- [Records provided]:

□ □ □

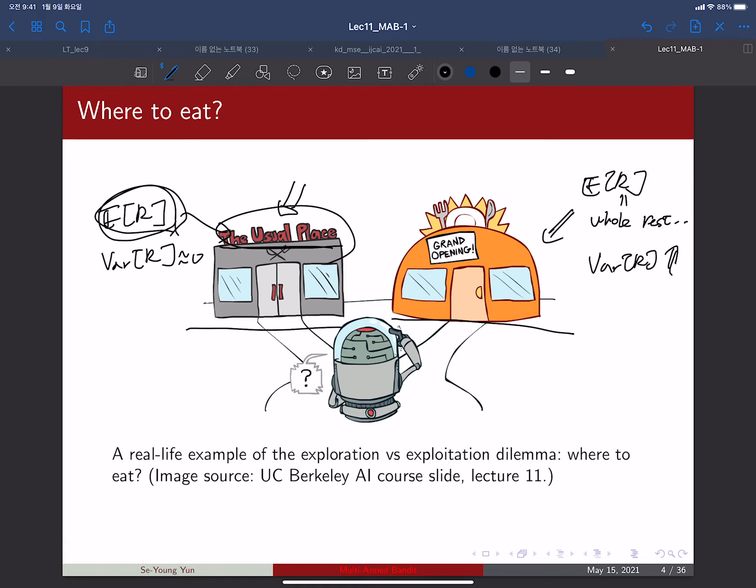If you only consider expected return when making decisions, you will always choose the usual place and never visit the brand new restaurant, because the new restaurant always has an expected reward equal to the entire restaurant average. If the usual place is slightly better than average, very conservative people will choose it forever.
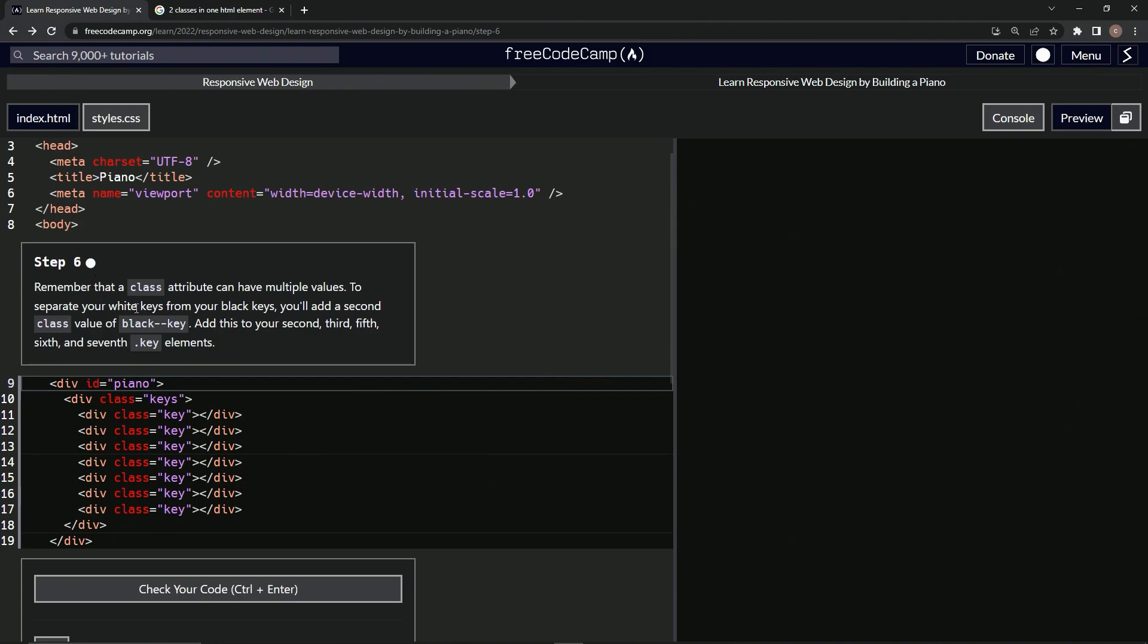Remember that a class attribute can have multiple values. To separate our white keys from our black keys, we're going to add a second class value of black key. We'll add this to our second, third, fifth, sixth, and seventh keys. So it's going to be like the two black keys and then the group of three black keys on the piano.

□ □ □

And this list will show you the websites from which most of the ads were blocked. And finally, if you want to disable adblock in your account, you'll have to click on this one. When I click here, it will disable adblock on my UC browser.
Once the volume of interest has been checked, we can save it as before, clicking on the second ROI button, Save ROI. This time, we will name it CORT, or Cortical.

□ □ □

- [Problem to solve]:
Retype only the lines above from the one with "If you only" through the one with "Remember that a", exactly and with both ends. Images stay out.

- [Solution to this task]:
If you only consider expected return when making decisions, you will always choose the usual place and never visit the brand new restaurant, because the new restaurant always has an expected reward equal to the entire restaurant average. If the usual place is slightly better than average, very conservative people will choose it forever.
Remember that a class attribute can have multiple values. To separate our white keys from our black keys, we're going to add a second class value of black key. We'll add this to our second, third, fifth, sixth, and seventh keys. So it's going to be like the two black keys and then the group of three black keys on the piano.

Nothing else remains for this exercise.